__Problem to solve__: Omit the pictures. Transcribe exactly the lines below, from the one with "cocktail glass on" up to and including the last.

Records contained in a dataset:

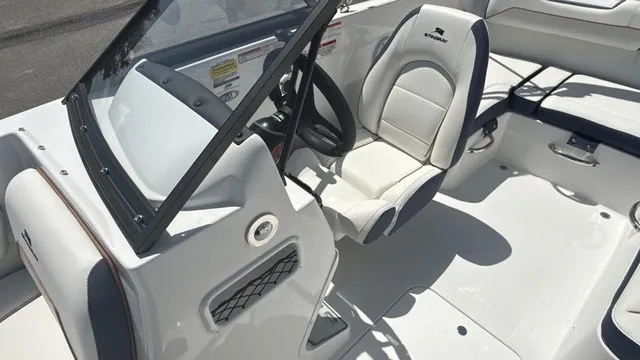 Slide: The Image of The image shows the cockpit of a Stingray 172 DC boat with a white seat and steering wheel. - 13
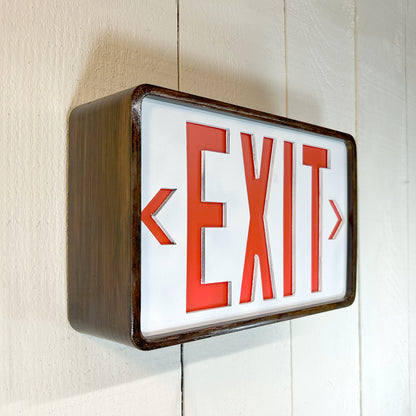 Eames inspired exit sign with red letters on a white background, mounted on a wall.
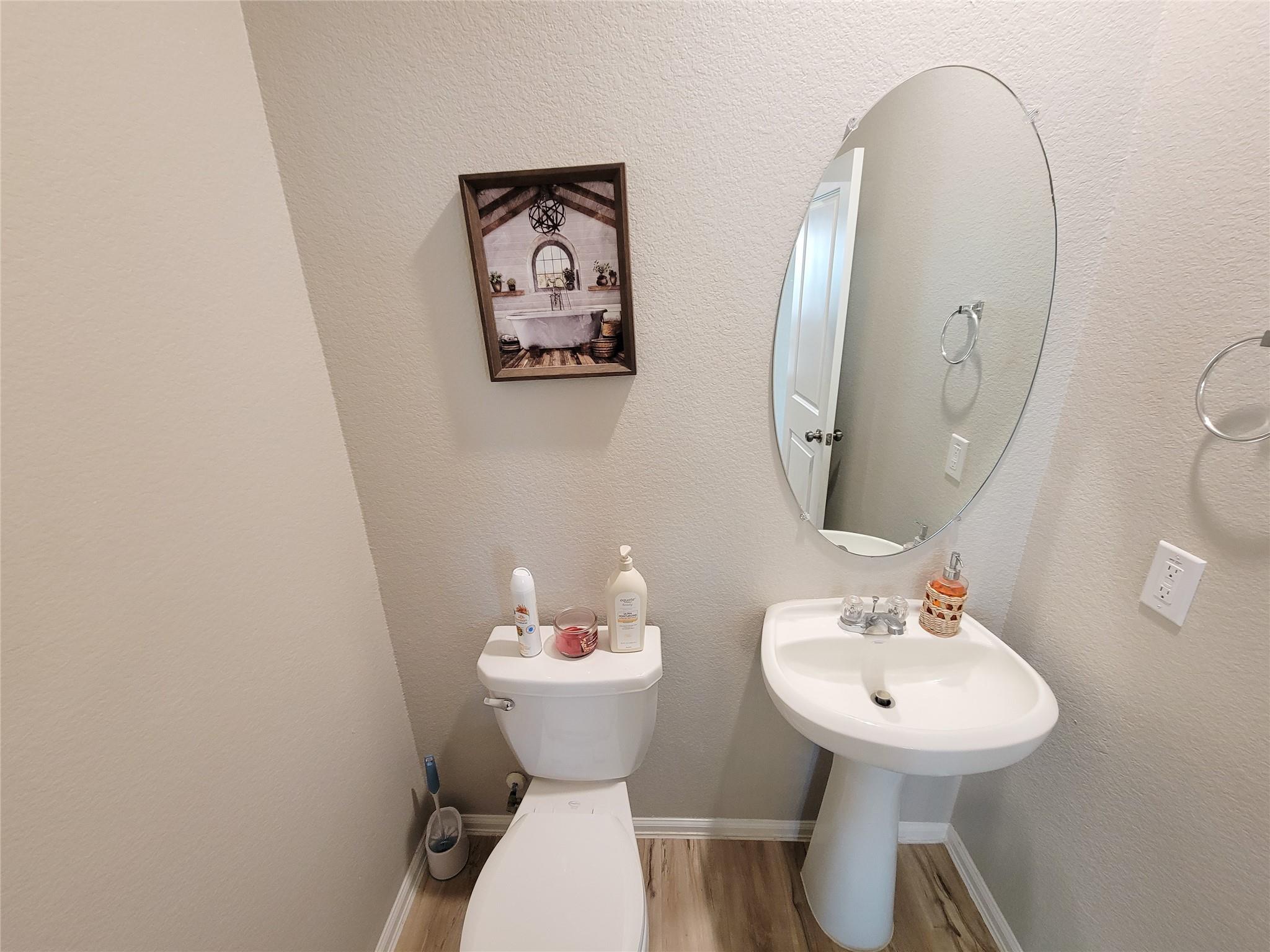 Powder room with a white toilet, pedestal sink, and large oval mirror.
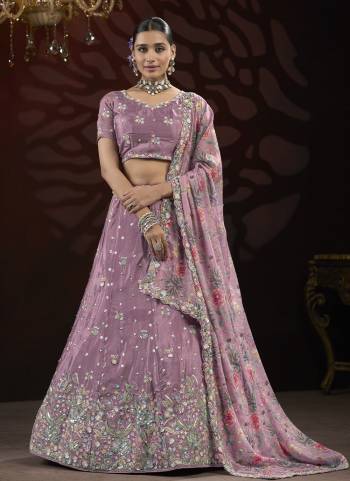 For A Fancy Designer Look,Grab These Lehenga Choli With Dupatta in Fine Colored.These Lehenga And Choli Are Chinon And Dupatta Are Fabricated On Georgette Pair.Its Beautified With Designer Sequance,Thread Embroidery Work With Flower Printed Dupatta.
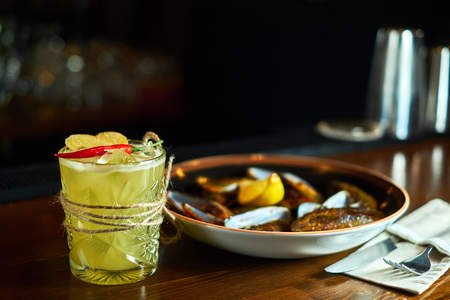 cocktail glass on the wood table in the bar. Slow motionの写真素材
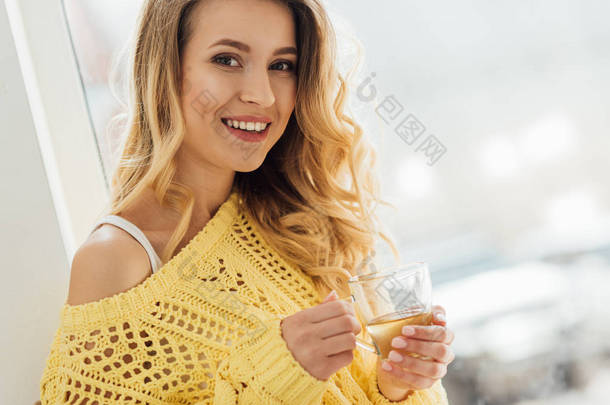 选择焦点美丽的微笑的年轻女子拿着一杯茶, 看着相机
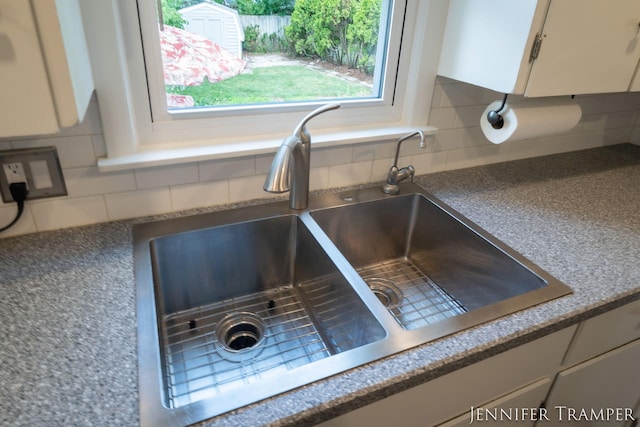 4001 Hillsdale Ave NE, Grand Rapids, MI 49525 - kitchen view of decorative backsplash, white cabinets, and dark countertops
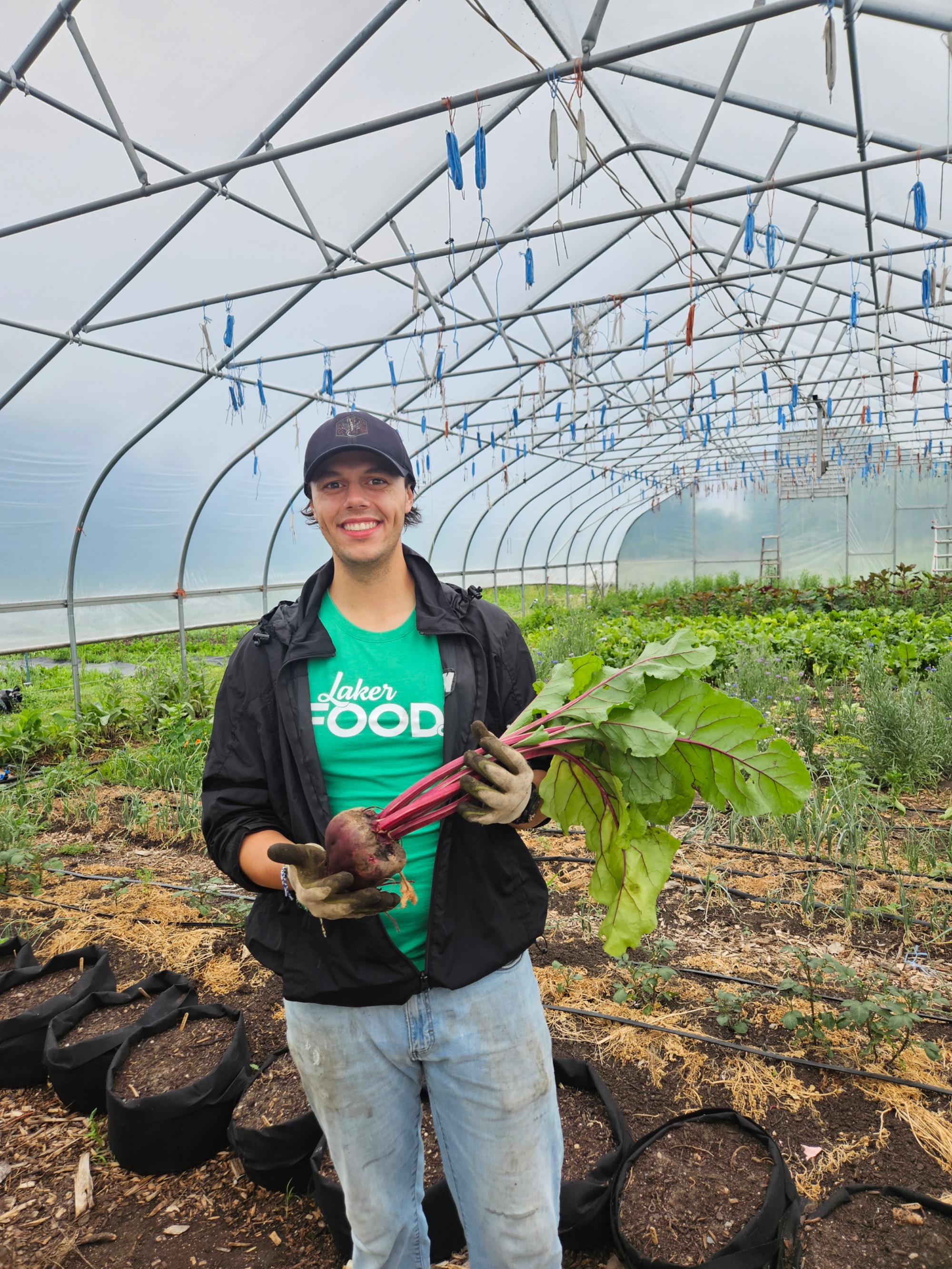 Green Team Student at Sustainable Agriculture Project farm holding beet inside greenhouse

__Task answer__:
 cocktail glass on the wood table in the bar. Slow motionの写真素材
 选择焦点美丽的微笑的年轻女子拿着一杯茶, 看着相机
 4001 Hillsdale Ave NE, Grand Rapids, MI 49525 - kitchen view of decorative backsplash, white cabinets, and dark countertops
 Green Team Student at Sustainable Agriculture Project farm holding beet inside greenhouse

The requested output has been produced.